### Task statement
Transcribe the lines below exactly, beginning with the line that holds "2017 Buick Enclave" and ending with the final line, both included. Pictures are to be left out.
-------- Provided information --------
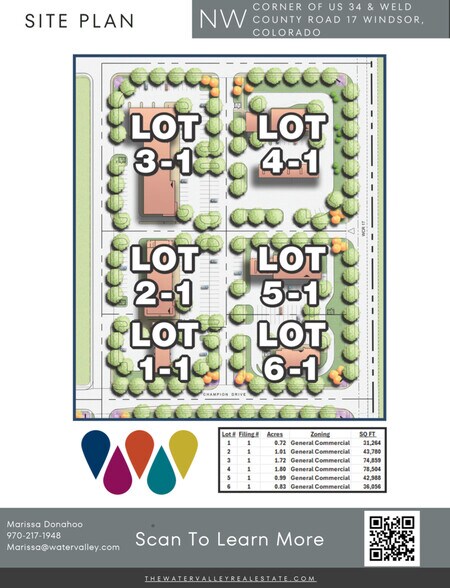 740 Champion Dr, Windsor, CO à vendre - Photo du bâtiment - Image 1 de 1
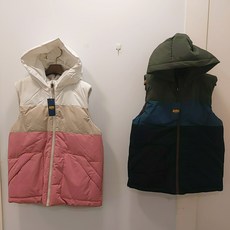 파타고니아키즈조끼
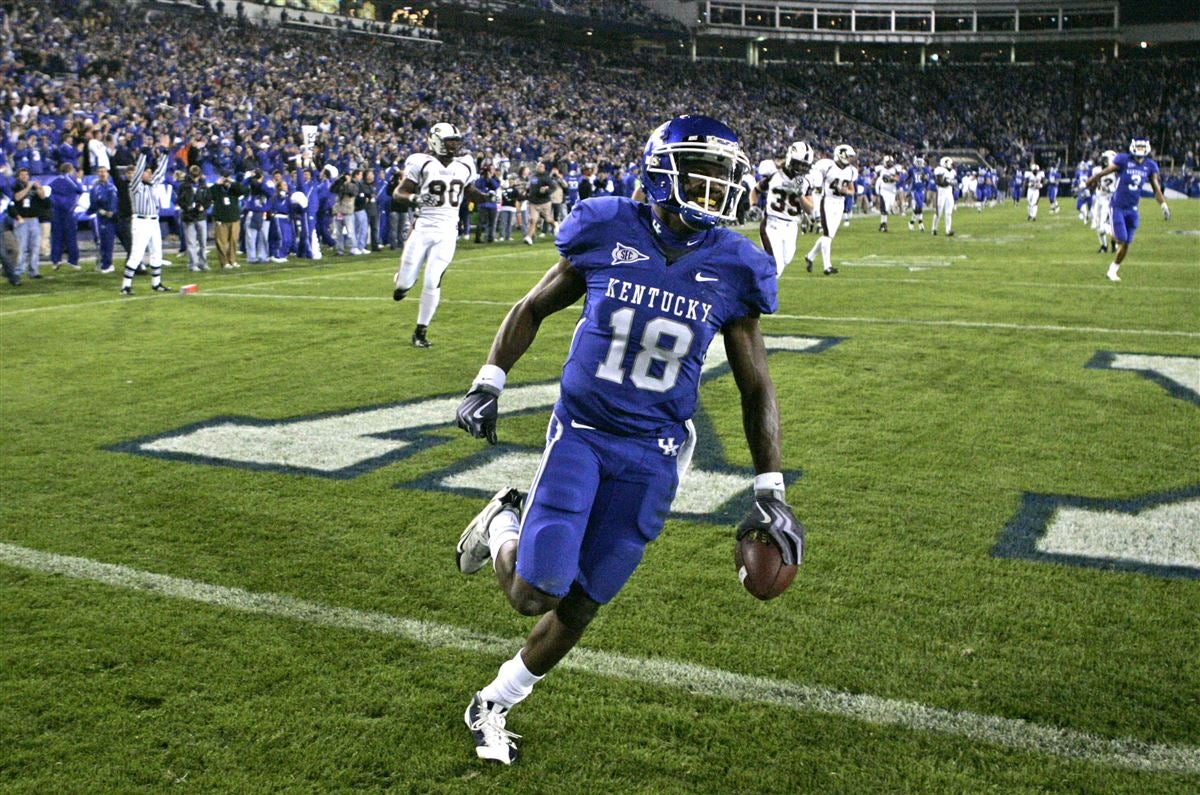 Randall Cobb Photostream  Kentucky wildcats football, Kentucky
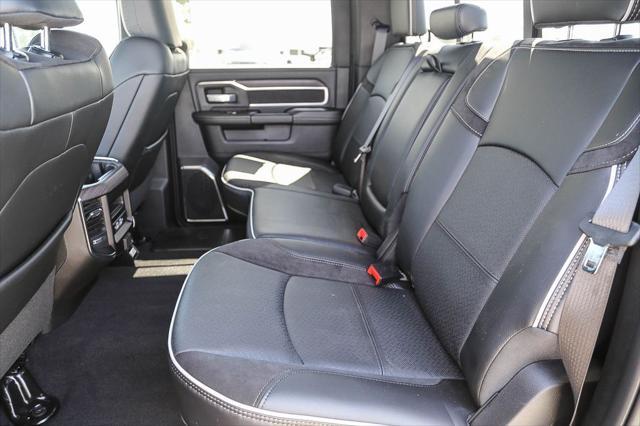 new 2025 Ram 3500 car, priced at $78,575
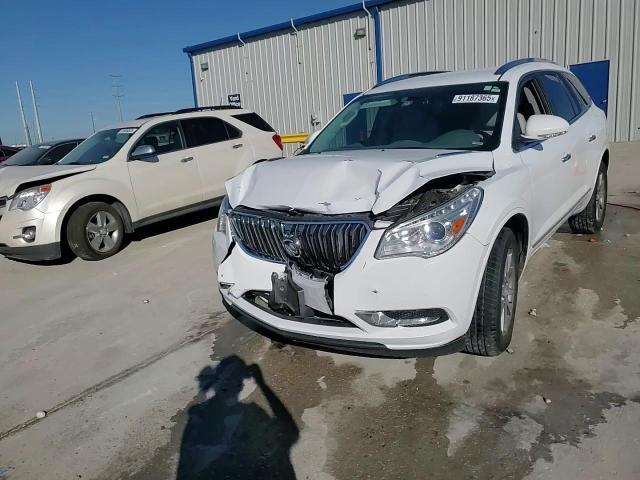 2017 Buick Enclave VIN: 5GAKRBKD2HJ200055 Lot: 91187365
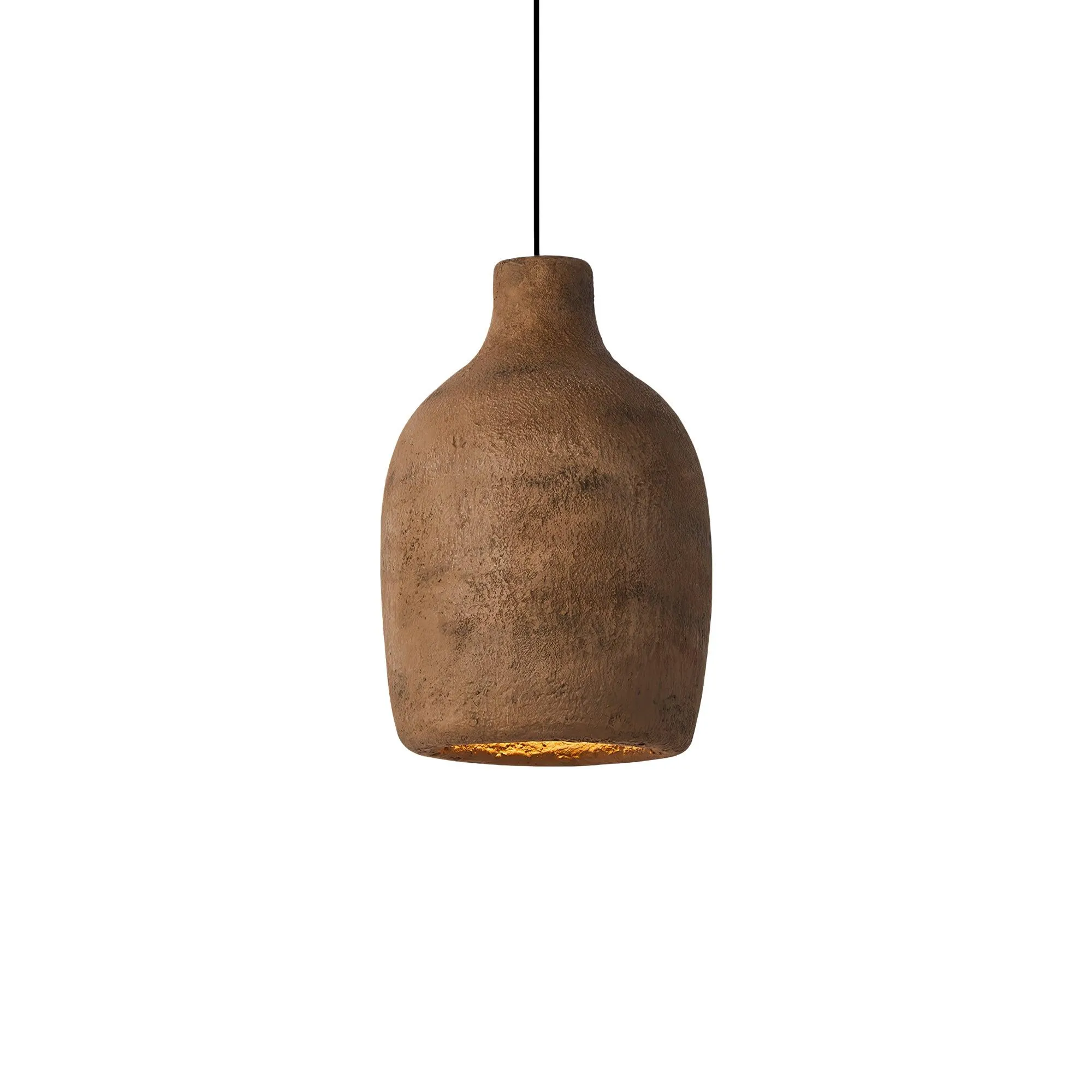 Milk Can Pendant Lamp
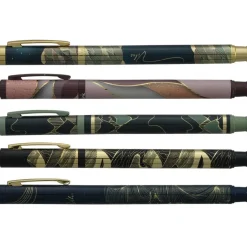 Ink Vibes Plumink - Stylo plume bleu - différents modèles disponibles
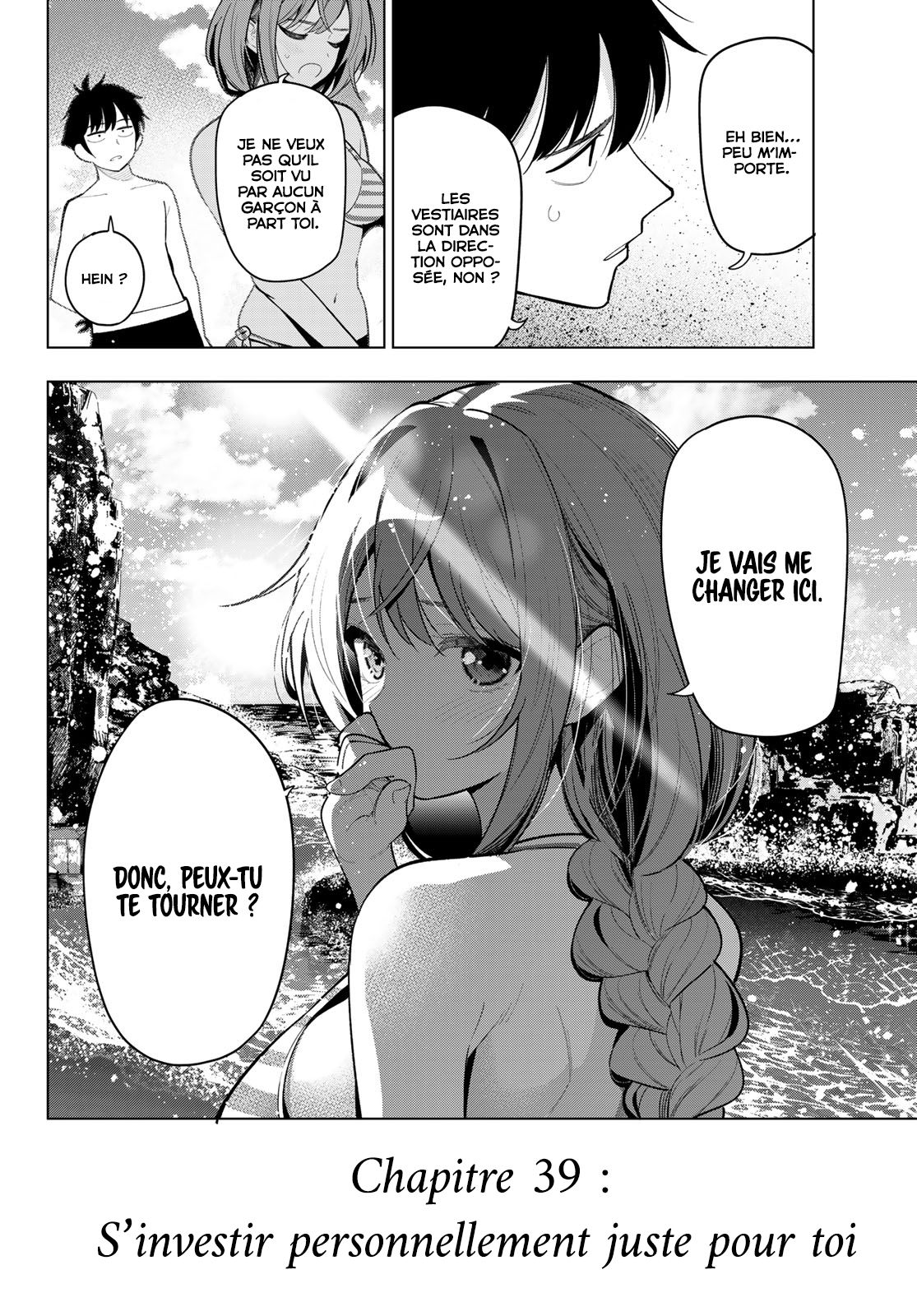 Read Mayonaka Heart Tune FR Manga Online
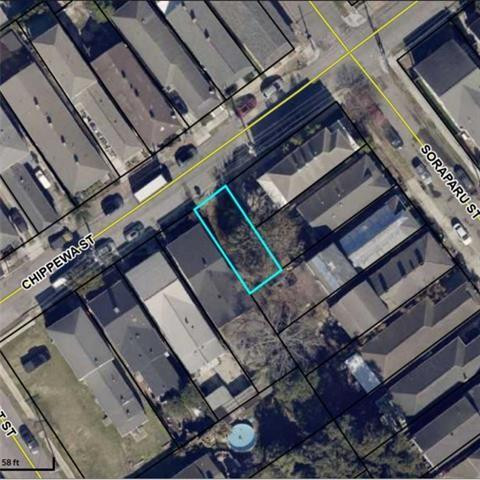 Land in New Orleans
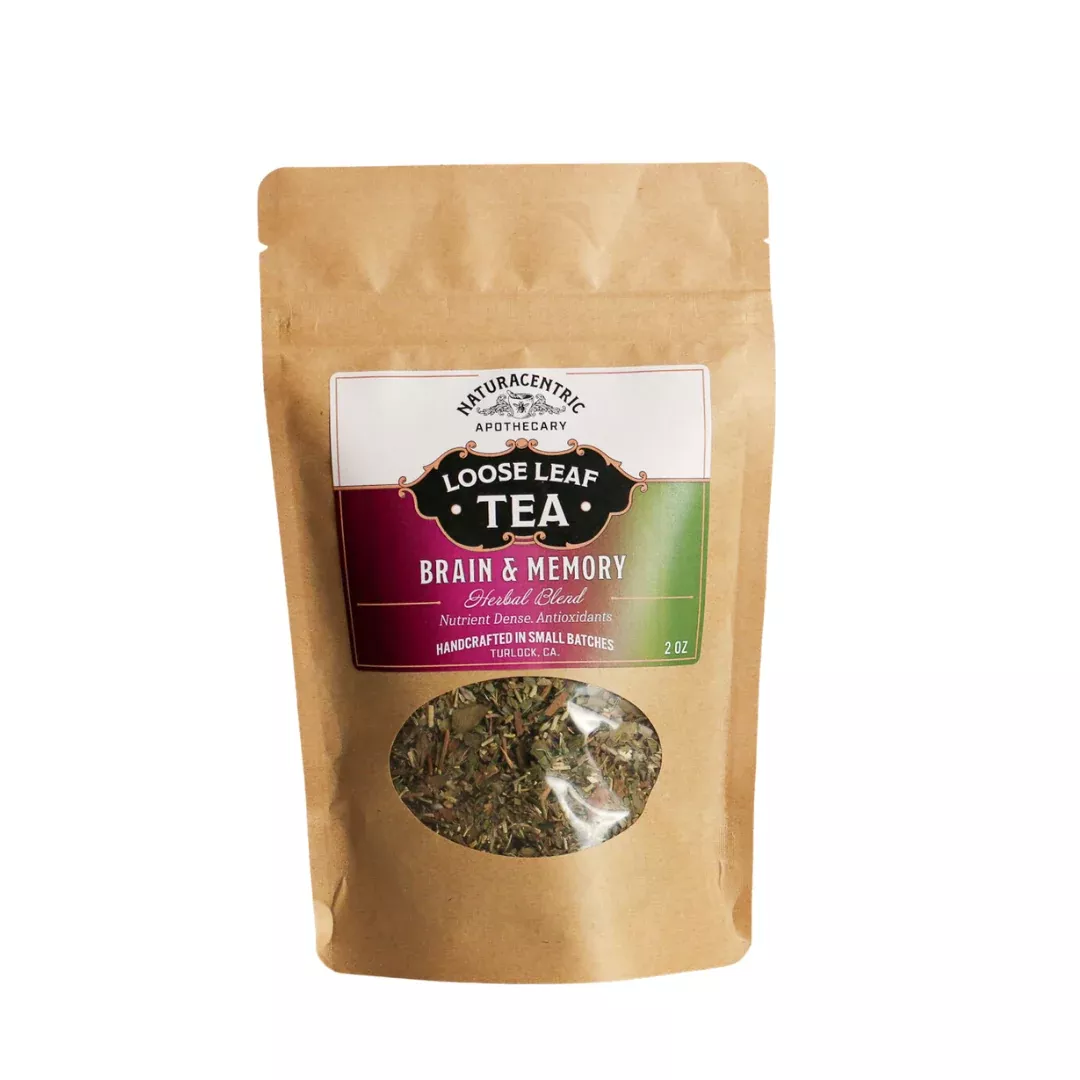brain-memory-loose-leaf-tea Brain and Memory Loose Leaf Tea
--------
### Result below
 2017 Buick Enclave VIN: 5GAKRBKD2HJ200055 Lot: 91187365
 Milk Can Pendant Lamp
 Ink Vibes Plumink - Stylo plume bleu - différents modèles disponibles
 Read Mayonaka Heart Tune FR Manga Online
 Land in New Orleans
brain-memory-loose-leaf-tea Brain and Memory Loose Leaf Tea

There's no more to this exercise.